> **WHAT YOU ARE ASKED TO DO**: Set down without change every line from the line that contains "220 Grand River" through the end of the listing, and only those lines. No pictures.

> **GIVEN DATA**:
====
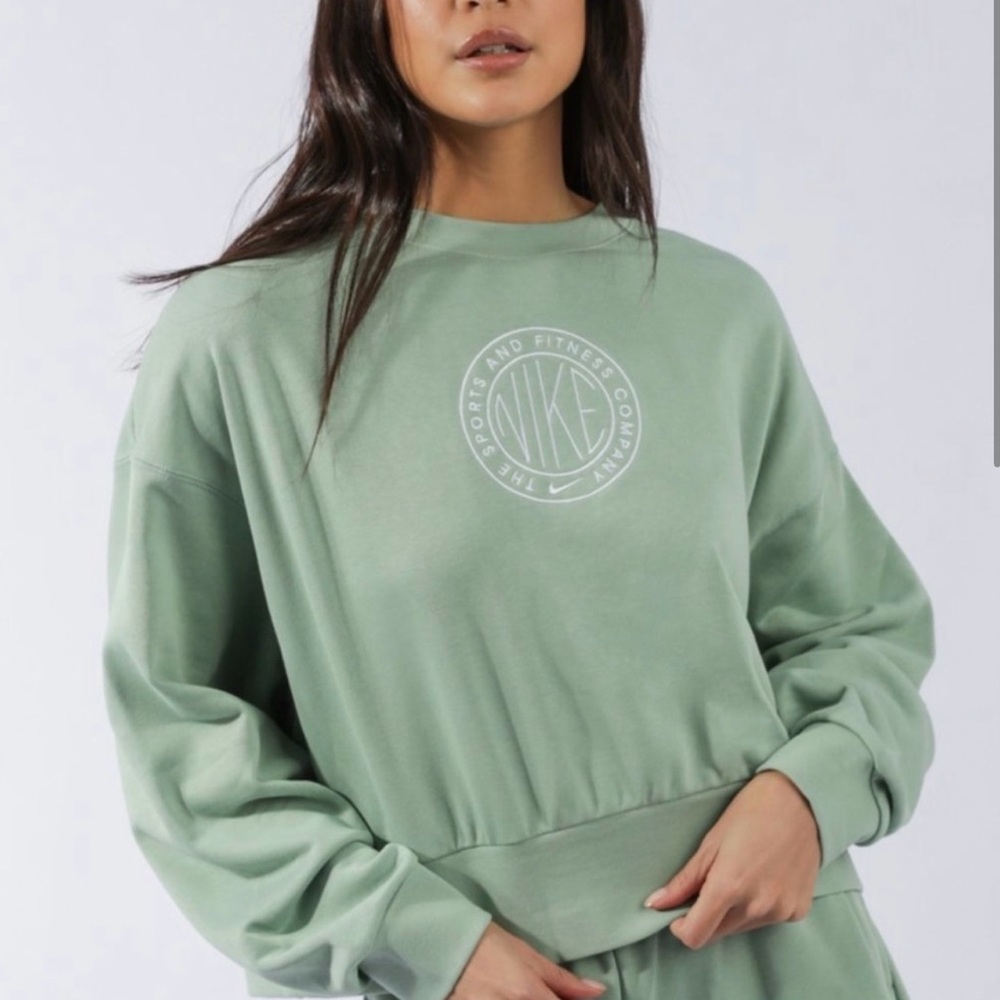 Nike Mint Green Crewneck Sweatshirt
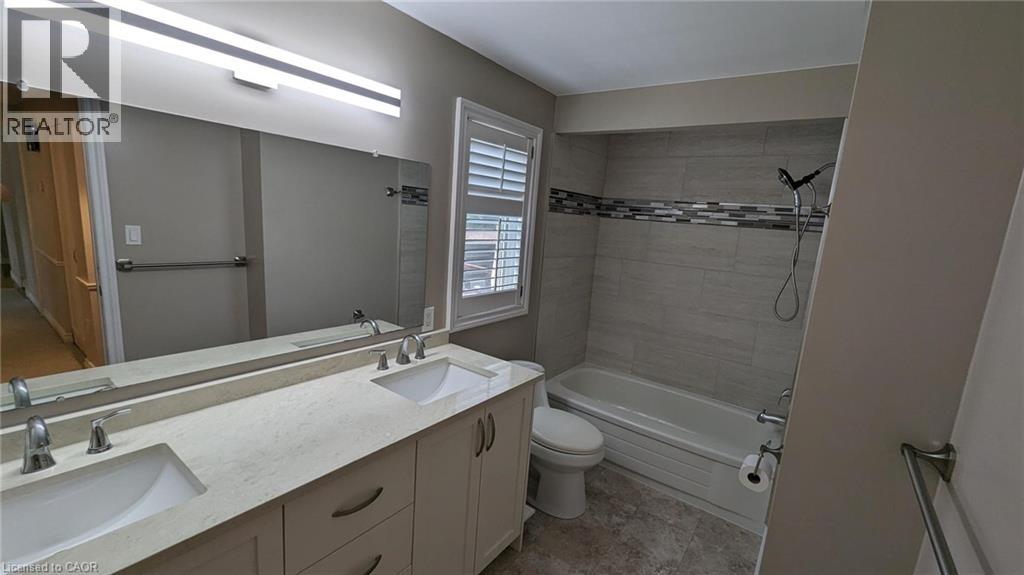 220 Grand River Boulevard, Kitchener, Ontario  N2A 3G8 - Photo 10 - 40836582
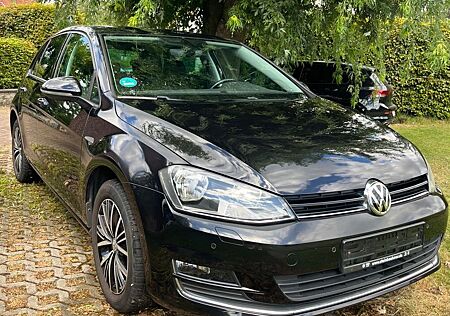VW Golf Volkswagen 1.2 TSI BMT ALLSTAR ALLSTAR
====
> **OUTPUT OF THE EXERCISE**:
 220 Grand River Boulevard, Kitchener, Ontario  N2A 3G8 - Photo 10 - 40836582
VW Golf Volkswagen 1.2 TSI BMT ALLSTAR ALLSTAR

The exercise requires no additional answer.